Ben-Menashe a déclaré qu’il avait fondé ses affirmations en son temps en tant que conseiller pour la dictature militaire du Myanmar à la fin des années 1990. Il a dit qu’il avait averti les dirigeants du pays à l’époque que Suu Kyii avait montré une animosité anti-musulmane.

Ben-Menashe est depuis longtemps un personnage tristement célèbre dans le monde du commerce des armes et du lobbying. Après avoir immigré en Israël avec ses parents dans les années 1960, il a été enrôlé comme traducteur pour le renseignement de Tsahal, avant d’être promu pour travailler dans les relations étrangères du renseignement de Tsahal. En septembre 1986, Ben-Menashe a donné des informations au correspondant de Time Raji Samghabadi sur les expéditions d’armes à l’Iran organisées par Richard Secord, Oliver North et Albert Hakim, qui devint plus tard célèbre sous le nom d’affaire Iran-Contra. Bien que Time n’ait pas été en mesure de corroborer les allégations, Ben-Menashe a ensuite transmis les informations au magazine libanais Ash-Shiraa, qui les a publiées en novembre 1986, conduisant à des enquêtes du Congrès qui ont corroboré les informations.

Ben-Menashe a affirmé plus tard que la fuite avait été faite sur ordre du Premier ministre d’alors Yitzhak Shamir pour embarrasser son rival du Parti travailliste, Shimon Peres. Il a pris de l’importance en 1989, après avoir été arrêté aux États-Unis pour avoir enfreint la loi sur le contrôle des exportations d’armes et avoir tenté de vendre à l’Iran trois avions de transport Lockheed C-130 Hercules qui utilisaient de faux certificats d’utilisateur final.

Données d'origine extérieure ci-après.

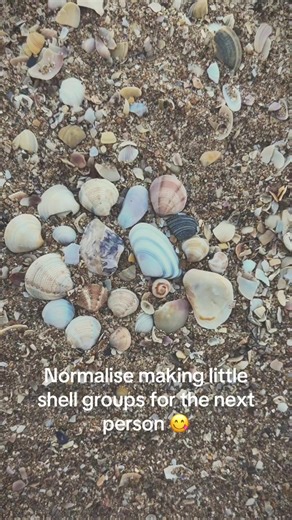 The lighting was so sad at the start 💔#shells #beachvibes #fyp #viral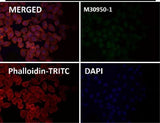 Anti-EpCAM/Trop1 Rabbit Monoclonal Antibody Boster Bio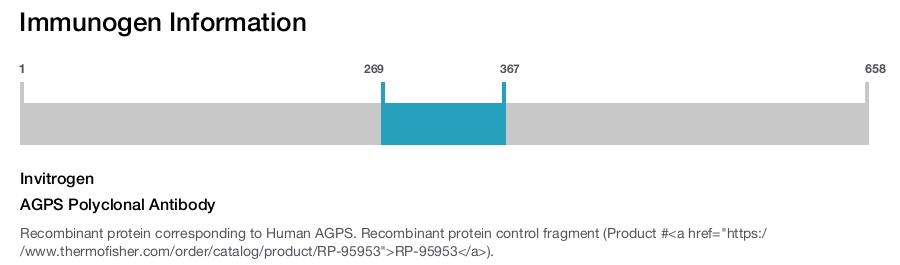 AGPS Polyclonal Antibody
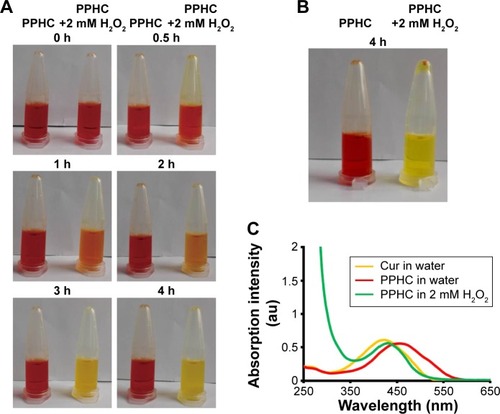 Figure 6 In vitro H2O2-stimulated drug release assay.Notes: (A) Time-dependent color change of PPHC nanoparticles while incubated with 2 mM H2O2. (B) Photographs of PPHC nanoparticles centrifuged at 3,000 rpm for 3 min after incubation with 2 mM H2O2 for 4 h. (C) Recovered maximal absorption wavelength of Cur in PPHC nanoparticle after incubated with 2 mM H2O2 for 4 h.Abbreviations: H2O2, hydrogen peroxide; PPHC, curcumin-coordinated reactive oxygen species-responsive nanoparticle; Cur, curcumin.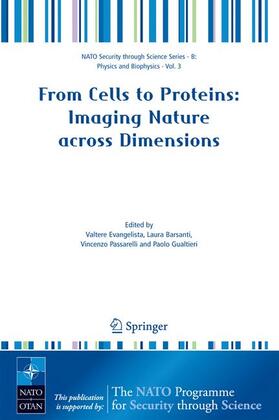Evangelista / Barsanti / Passarelli |  From Cells to Proteins | Buch |  Sack Fachmedien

Alors qu’un article de 1990 dans le Jerusalem Post affirmait que «l’établissement de la Défense« n’avait jamais eu de contacts avec Ari Ben-Menashe et ses activités », la plainte et les charges retenues contre lui ont ensuite été abandonnées après que Ben-Menashe a prouvé qu’il avait en fait travaillé pour le renseignement israélien. Il a affirmé qu’il avait été personnellement impliqué dans l’aide à la campagne présidentielle de Ronald Reagan avec sa « surprise d’octobre », s’agissant d’empêcher la libération des otages américains avant les élections de 1980, où il a vaincu le président Jimmy Carter. Ses affirmations disant qu’il avait aidé la campagne Reagan et favorisé la négociation qui a finalement permis de libérer les employés de l’ambassade des États-Unis ont été réfutées dans les années suivantes. Il avait également affirmé avoir travaillé à la fois pour le Mossad et en tant que conseiller spécial du Premier ministre d’alors Yitzhak Shamir. Ces affirmations se sont également avérées fausses et pleines d’incohérences.

Ses histoires avaient réussi à tromper plusieurs grands organes d’information à travers le monde, le conduisant même à témoigner en tant que témoin expert lors d’audiences du Congrès américain au début des années 1990 avant d’être complètement discrédité aux États-Unis.

Après avoir été discrédité aux États-Unis, Ben-Menashe a déménagé en Australie, où il a répété des schémas similaires de transmission d’informations inexactes aux journalistes avant que sa demande d’asile ne soit rejetée. Il a finalement déménagé au Canada, où il a lancé son cabinet de lobbying controversé, faisant du lobbying en faveur de plusieurs des dictatures les plus brutales des trois dernières décennies.

Au-delà de sa précédente représentation de la dictature militaire du Myanmar, il était également célèbre pour être derrière la campagne de désinformation contre l’opposant politique du dictateur et président du Zimbabwe alors sous embargo, Robert Mugabe. Plus récemment, la société de lobbying montréalaise de Ben-Menashe a été embauchée par le général soudanais Mohamed Hamdan Dagalo dans le cadre d’un accord de 6 millions de dollars, que les critiques ont surnommé «l’argent du sang», accusant Dagalo d’avoir pillé l’argent pendant la guerre civile dans le pays.